§ **Work required**: Taking the data below, please print only the lines from the line holding "Neue Speyerer Zeitung Dienstag 9. März 1830" to the line holding "Agoky 3PCS Baby", inclusive, with pictures omitted.

§ **Data for the task**:
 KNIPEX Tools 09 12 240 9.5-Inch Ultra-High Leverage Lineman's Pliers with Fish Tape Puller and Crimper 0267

* * *

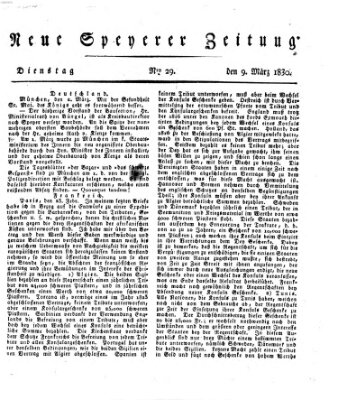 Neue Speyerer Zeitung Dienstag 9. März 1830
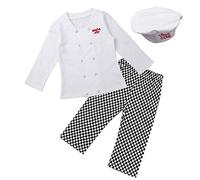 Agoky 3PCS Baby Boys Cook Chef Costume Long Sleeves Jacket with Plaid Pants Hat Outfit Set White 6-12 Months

§ **Answer for the task**:
 Neue Speyerer Zeitung Dienstag 9. März 1830
 Agoky 3PCS Baby Boys Cook Chef Costume Long Sleeves Jacket with Plaid Pants Hat Outfit Set White 6-12 Months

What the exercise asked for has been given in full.